Pela primeira vez, o Estado brasileiro concedeu anistia política a um índio perseguido, preso e brutalmente torturado pela ditadura militar. José Humberto Costa do Nascimento, o Tiuré Potiguara, 64 anos, lutou contra a exploração e extinção dos povos indígenas, entre 1970 e 1983, período em que o imperativo da ditadura era, segundo ele, vender a falsa ideia de um projeto desenvolvimentista para espoliar ainda mais os territórios indígenas. Acabou tendo que fugir para o Canadá, onde foi reconhecido como refugiado político. De volta ao Brasil, há três anos, decidiu recuperar sua história.
Apesar da farta documentação que levantou sobre sua trajetória política, teve muitas dificuldades de convencer a Comissão da Anistia da procedência do seu pedido de reparação. As especificidades de seu caso fugiam completamente ao modelo tradicional de perseguido político para o qual o Estado, hoje, está preparado para lidar.

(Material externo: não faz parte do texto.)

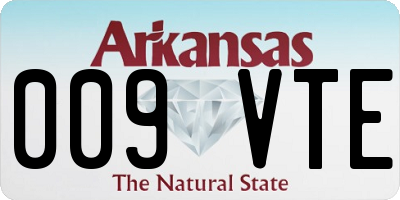 AR license plate 009VTE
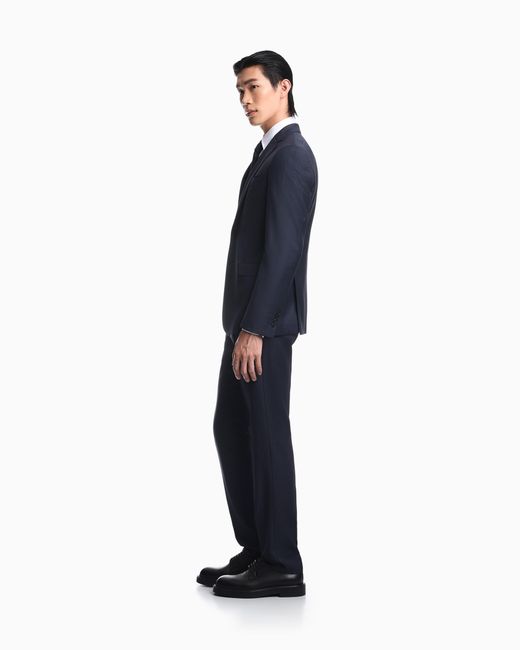 Emporio Armani Blue Lined Suit for men
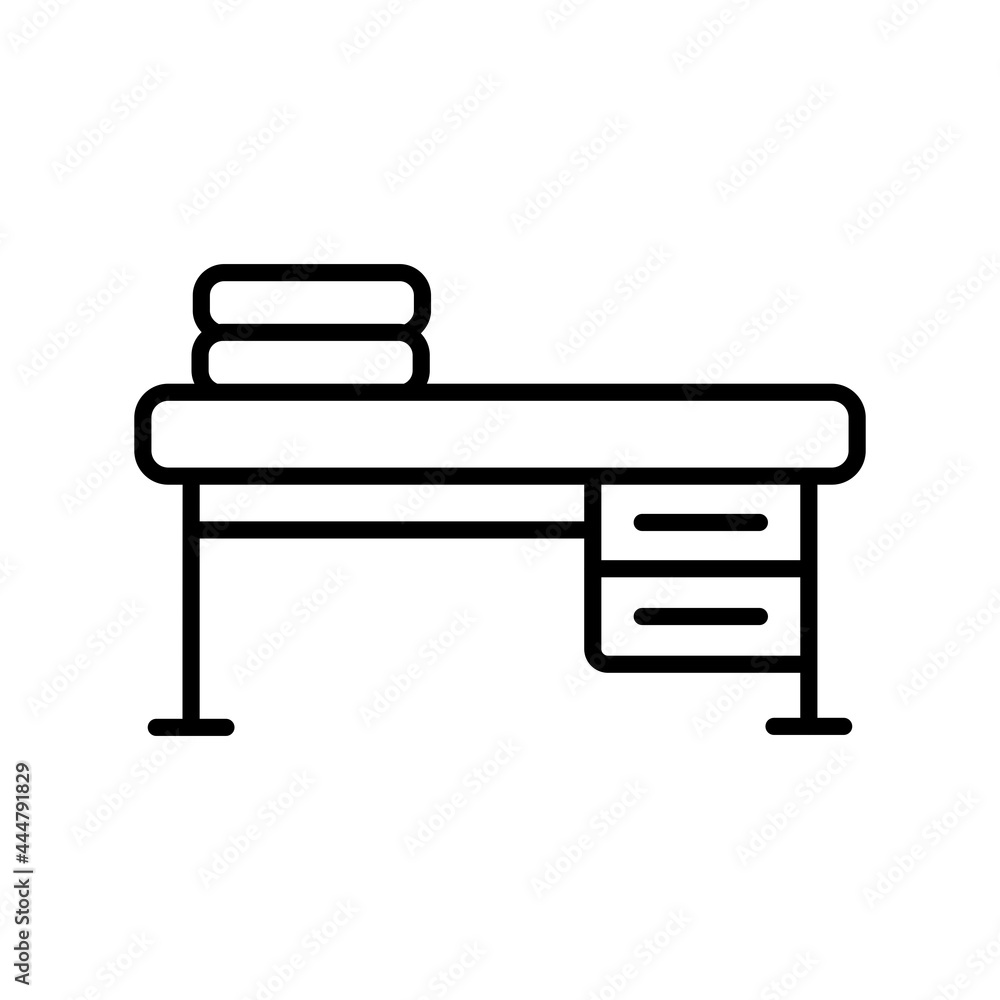 Table Linear Vector Icon Design Table Linear Vector Icon Design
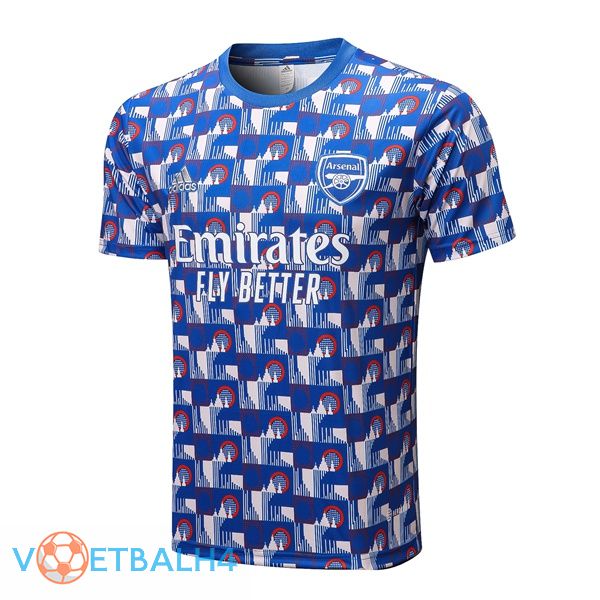 Arsenal Training T Shirt blauw 2022/2023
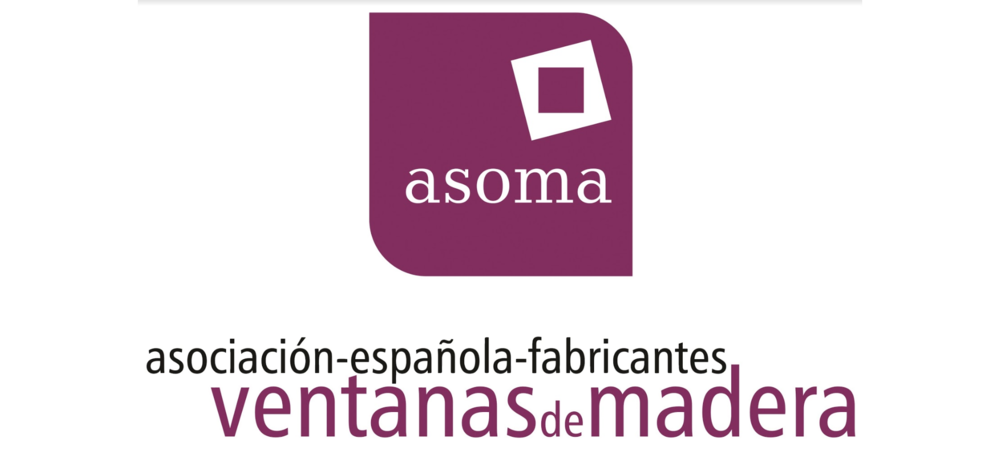 Logotipo de Asociación Española de Fabricantes de Ventanas de Madera (Asoma)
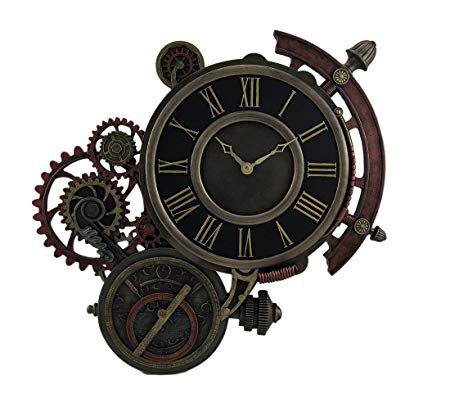 Veronese Design Mechanical Steampunk Astrolabe Star Tracker Wall Clock 17 Inch: Home & Kitchen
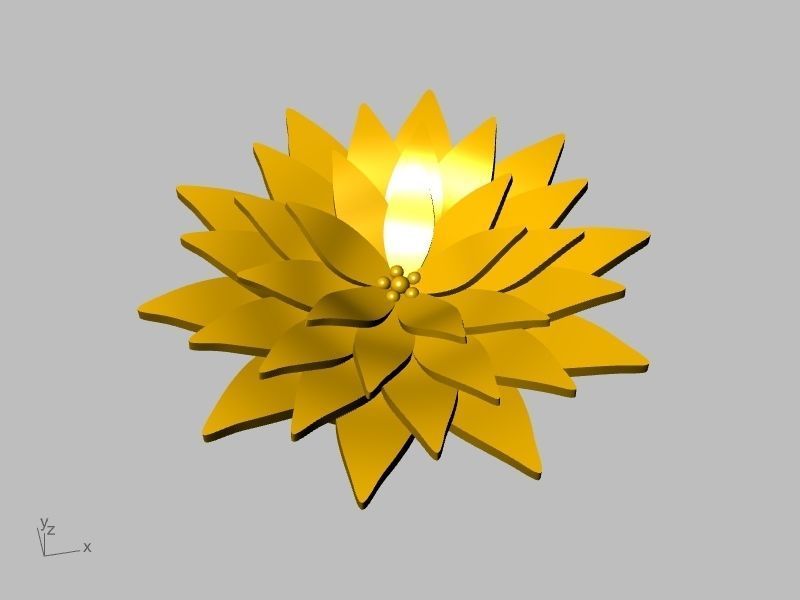 lotus ring stl verified  3D print model_23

O primeiro julgamento, em abril, foi suspenso quando Tiuré, antevendo uma derrota, se declarou em greve de fome no meio do plenário. A segunda sessão, há dez dias, o surpreendeu com o reconhecimento de sua condição de anistiado, embora apenas por um período de três anos, cuja documentação era taxativa.
A título de reparação, Tiuré irá receber uma indenização de 90 salários-mínimos, que já definiu em que empregar: dar o pontapé inicial na criação de uma espécie de Comissão Nacional da Verdade Indígena, com o propósito de levantar os crimes cometidos pela ditadura contra os povos originários do país. “Eu quero começar a pesquisa pelos locais onde passei e vi muita coisa, mas pretendo também estimular outras aldeias e outros povos a aderirem a esta luta”, afirma ele que, no momento, vive em casa de amigos na Aldeia Santuário dos Pajés, no coração de Brasília.
Uma história de luta
Filho de um índio potiguara e de uma branca, Tiuré deixou sua terra natal, a Paraíba, quando era criança. O pai conseguira um emprego de motorista na recém-fundada Brasília, eldorado de pobres e excluídos de todo o país. Morreu alguns anos depois em um acidente de carro até hoje não explicado. Na capital federal, teve uma educação formal, casou, teve um filho e prestou concurso público para a Fundação Nacional do Índio (Funai), onde foi admitido em 1970, cheio de sonhos de ser útil a seus irmãos. Mas a ditadura militar já dominava o país. E logo se viu frente a um impasse: compactuaria ou não com o projeto desenvolvimentista dos militares que ameaçava inúmeras tribos indígenas?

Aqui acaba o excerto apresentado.